▶ Exercise brief
For the records below, output word for word the lines from the one with "ノラ ウメダ(NORA UMEDA)&nbsp;グラデーション寒色カラーマッシュケアブリーチデザインカラー" up to and including the one with "Joy Toy Kid's". No pictures.

▶ Extracted records
──────

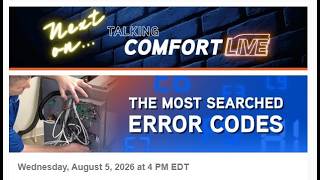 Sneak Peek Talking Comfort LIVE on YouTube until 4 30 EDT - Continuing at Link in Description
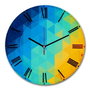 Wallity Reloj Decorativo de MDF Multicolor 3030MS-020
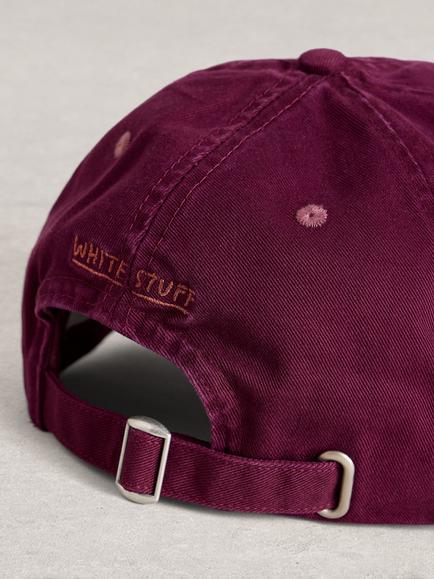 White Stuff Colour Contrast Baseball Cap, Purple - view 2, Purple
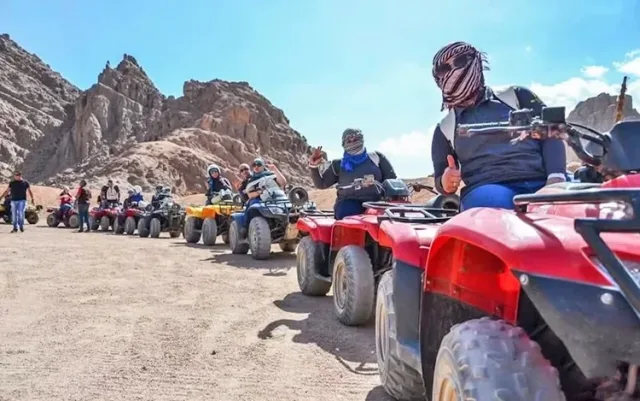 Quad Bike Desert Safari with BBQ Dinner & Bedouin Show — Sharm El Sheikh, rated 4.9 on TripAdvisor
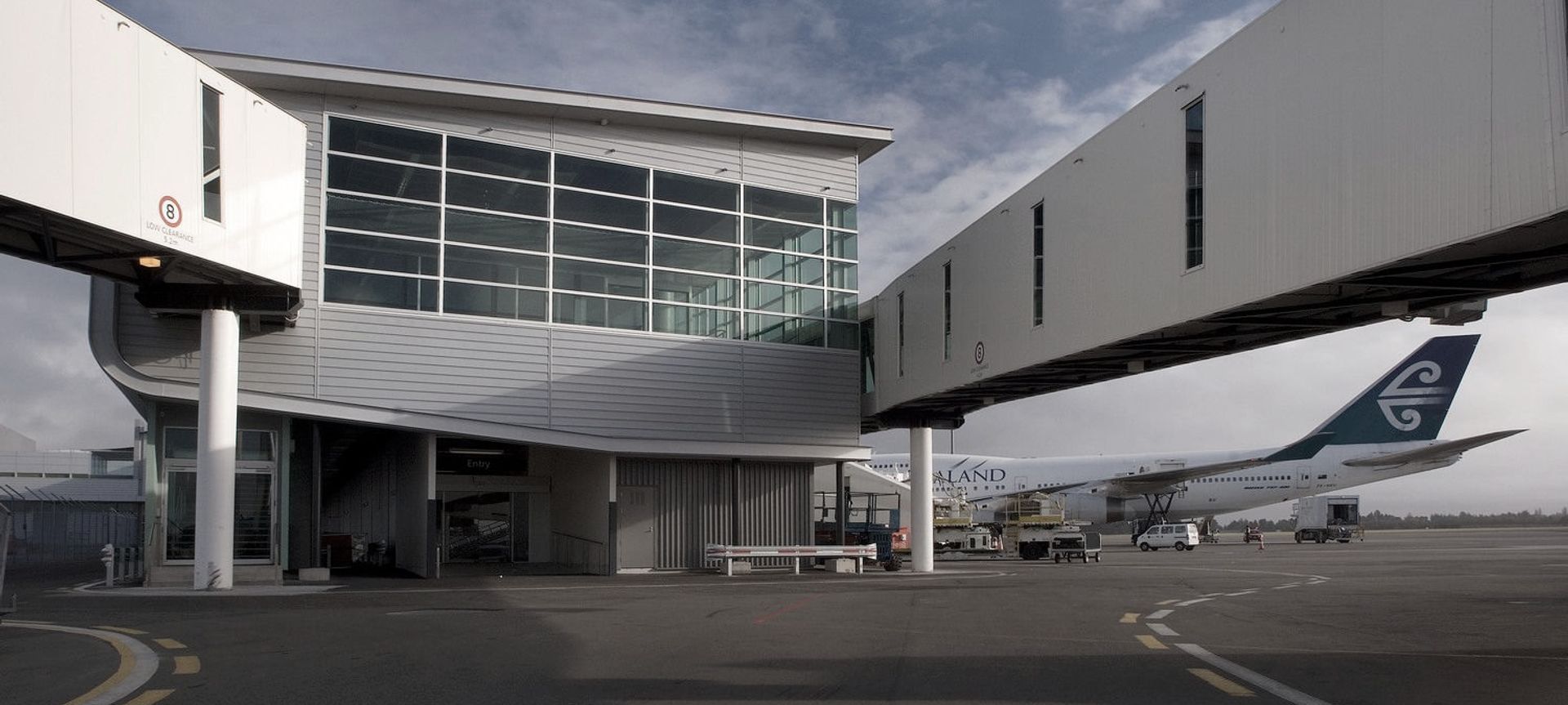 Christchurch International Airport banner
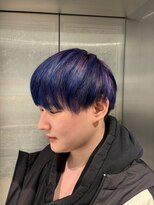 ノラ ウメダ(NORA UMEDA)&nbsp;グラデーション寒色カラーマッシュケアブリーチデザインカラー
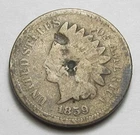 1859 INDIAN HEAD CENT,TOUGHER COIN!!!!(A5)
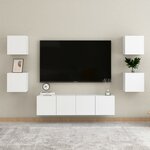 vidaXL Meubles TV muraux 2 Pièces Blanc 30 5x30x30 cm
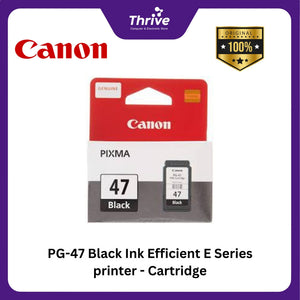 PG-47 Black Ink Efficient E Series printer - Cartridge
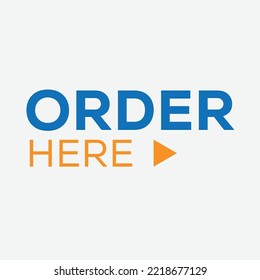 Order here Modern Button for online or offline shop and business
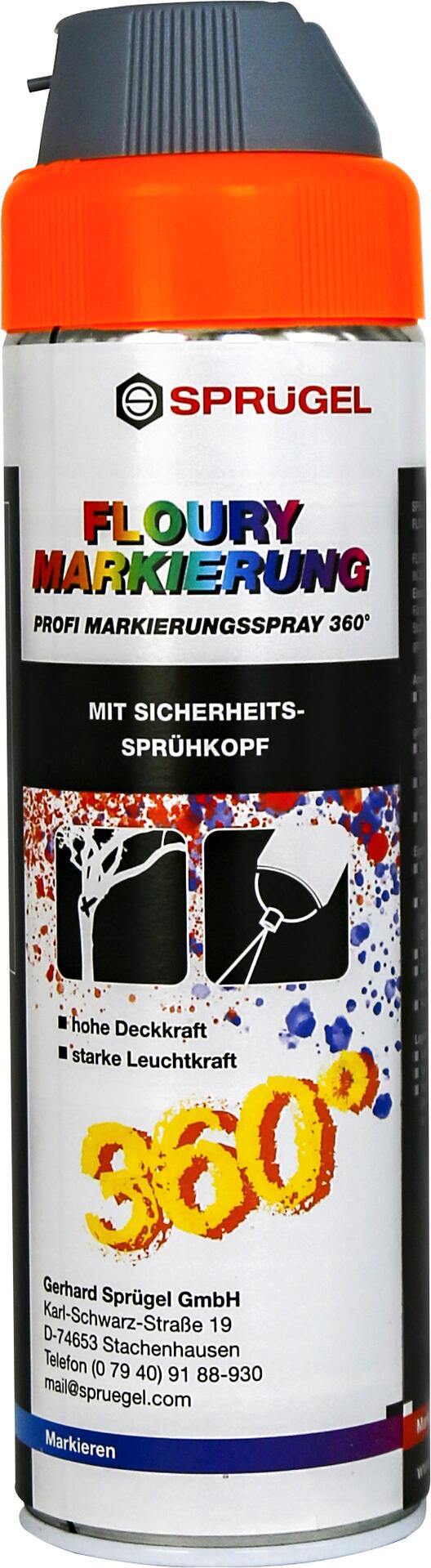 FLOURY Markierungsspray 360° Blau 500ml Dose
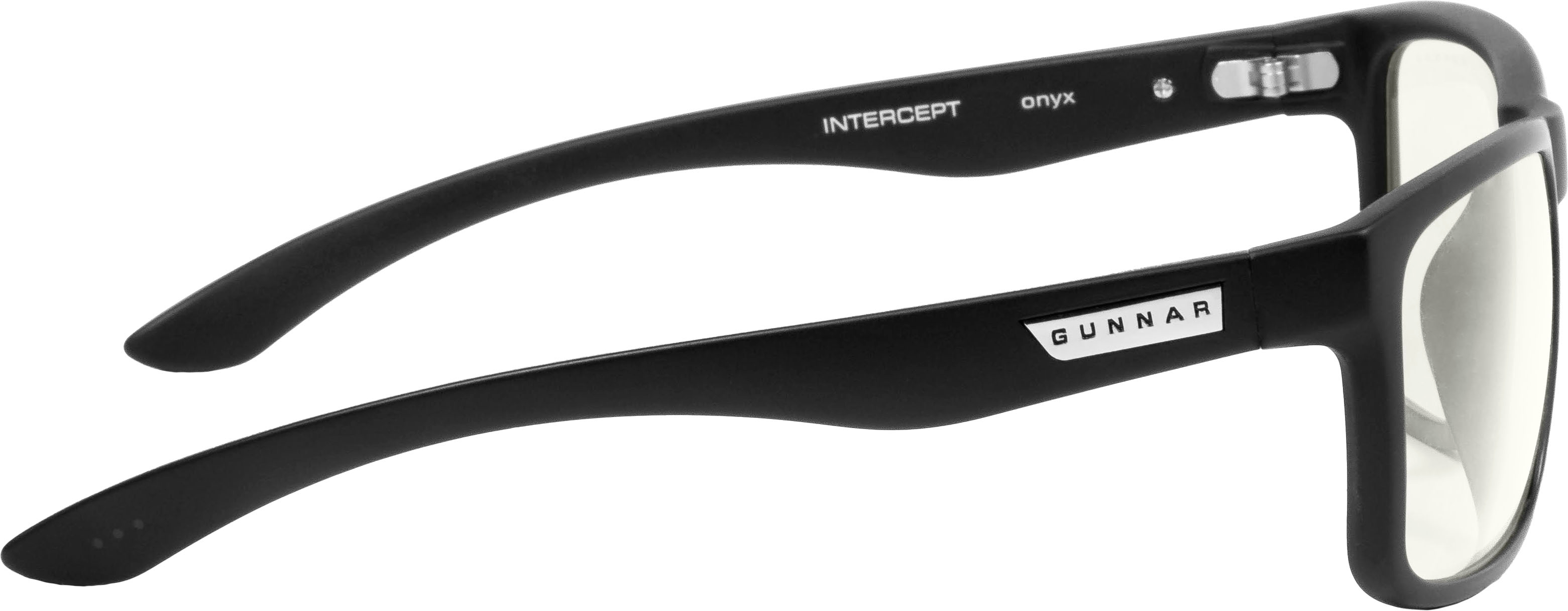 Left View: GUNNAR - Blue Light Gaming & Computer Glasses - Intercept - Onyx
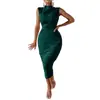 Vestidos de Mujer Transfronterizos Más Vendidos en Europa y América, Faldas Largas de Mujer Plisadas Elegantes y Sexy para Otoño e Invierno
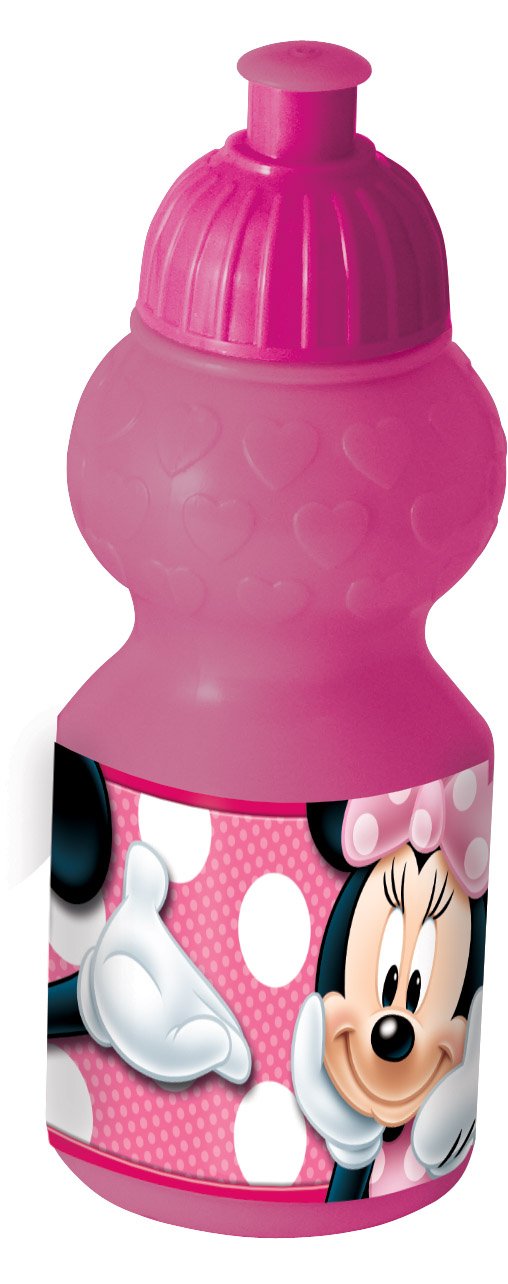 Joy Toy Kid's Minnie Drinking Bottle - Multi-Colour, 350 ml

──────

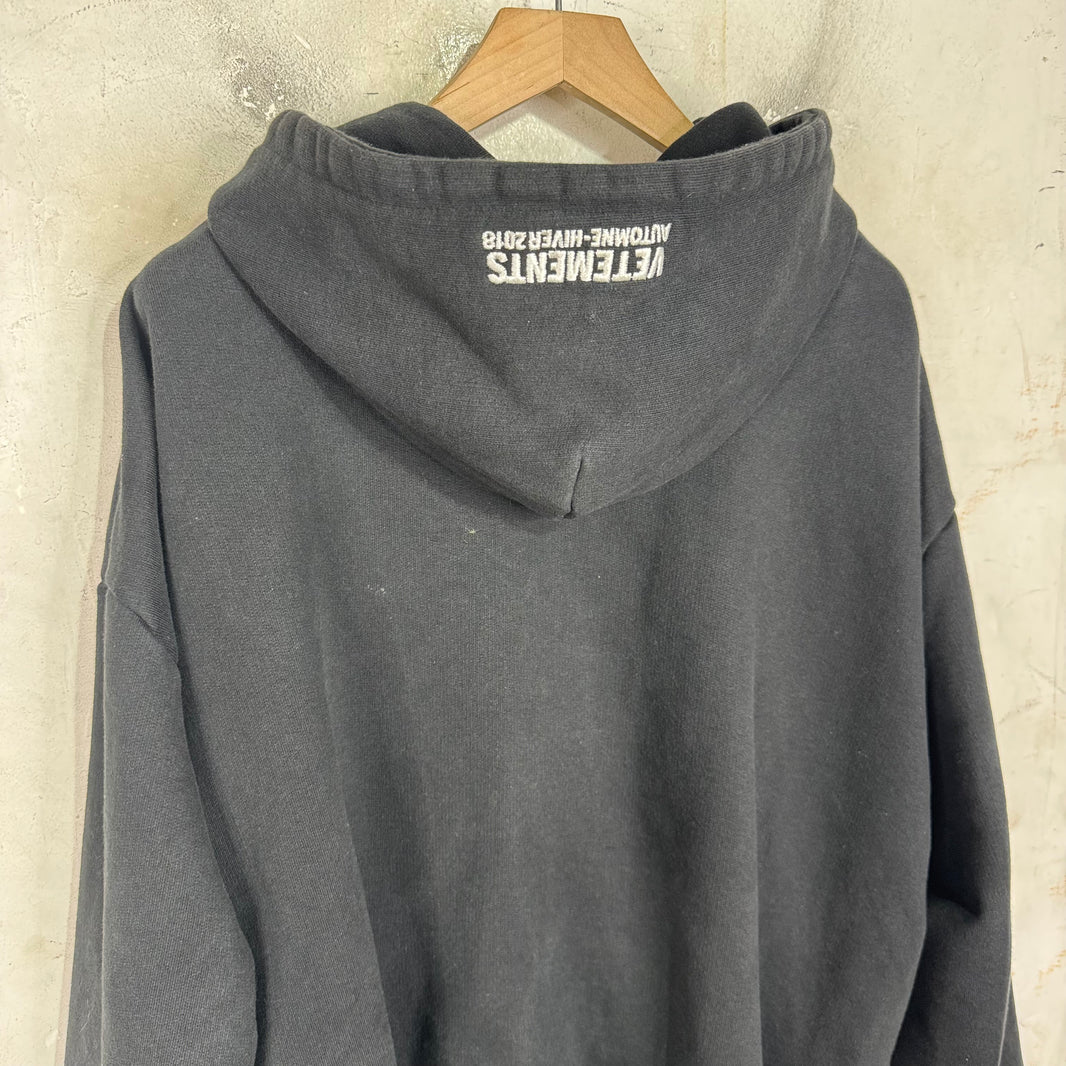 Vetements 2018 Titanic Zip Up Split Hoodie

──────

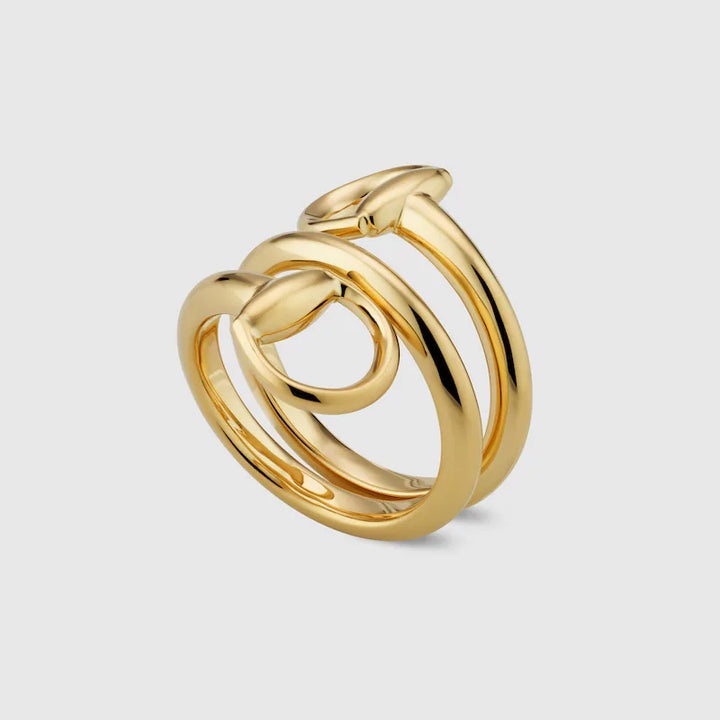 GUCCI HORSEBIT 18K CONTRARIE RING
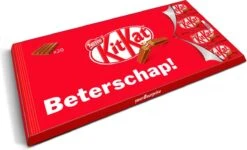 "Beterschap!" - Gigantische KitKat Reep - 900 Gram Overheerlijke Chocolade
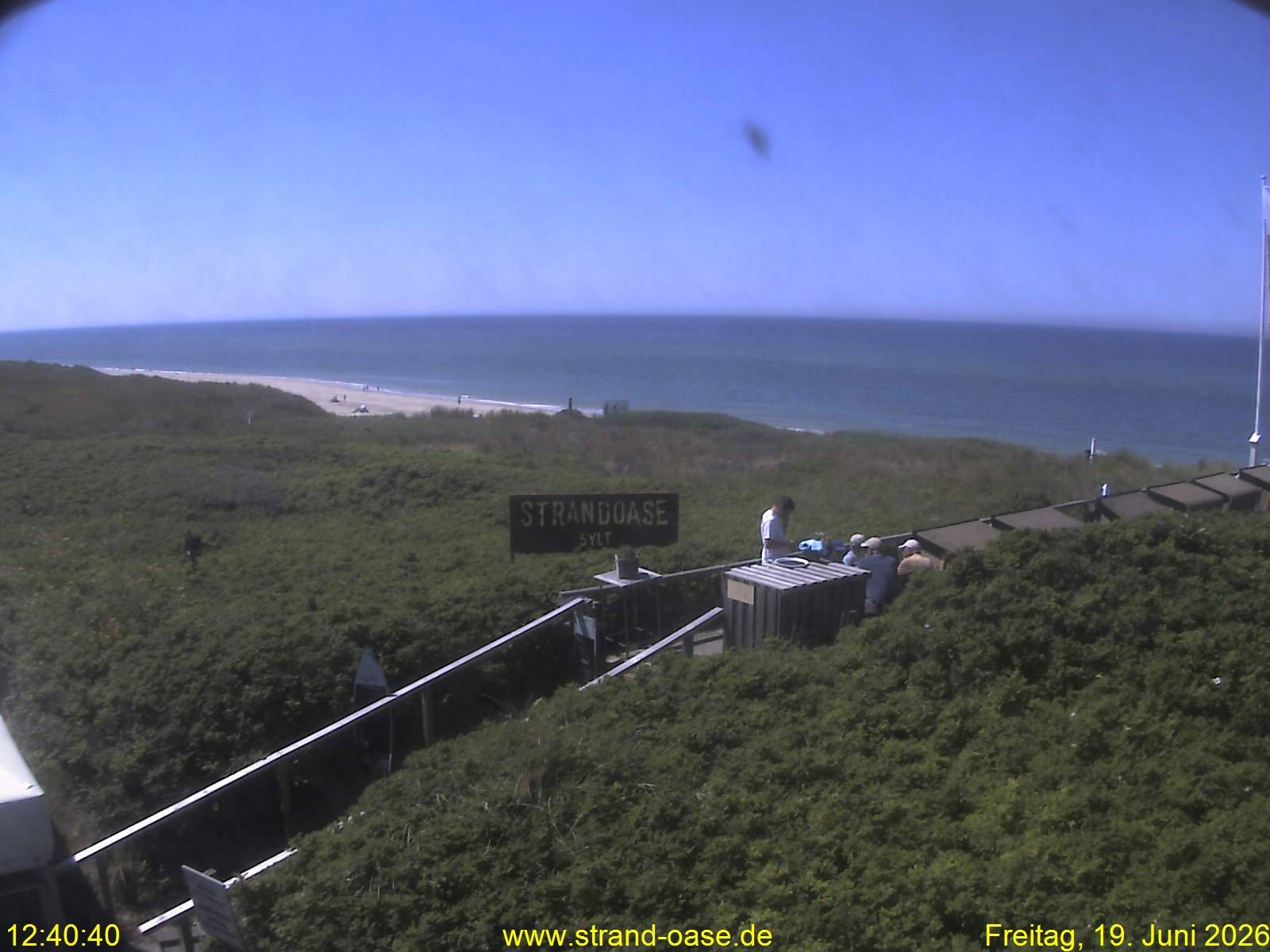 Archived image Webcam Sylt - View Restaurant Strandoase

──────

▶ Result of the task
 ノラ ウメダ(NORA UMEDA)&nbsp;グラデーション寒色カラーマッシュケアブリーチデザインカラー
 1859 INDIAN HEAD CENT,TOUGHER COIN!!!!(A5)
 vidaXL Meubles TV muraux 2 Pièces Blanc 30 5x30x30 cm
 PG-47 Black Ink Efficient E Series printer - Cartridge
 Order here Modern Button for online or offline shop and business
 FLOURY Markierungsspray 360° Blau 500ml Dose
 Left View: GUNNAR - Blue Light Gaming & Computer Glasses - Intercept - Onyx
 Vestidos de Mujer Transfronterizos Más Vendidos en Europa y América, Faldas Largas de Mujer Plisadas Elegantes y Sexy para Otoño e Invierno
 Joy Toy Kid's Minnie Drinking Bottle - Multi-Colour, 350 ml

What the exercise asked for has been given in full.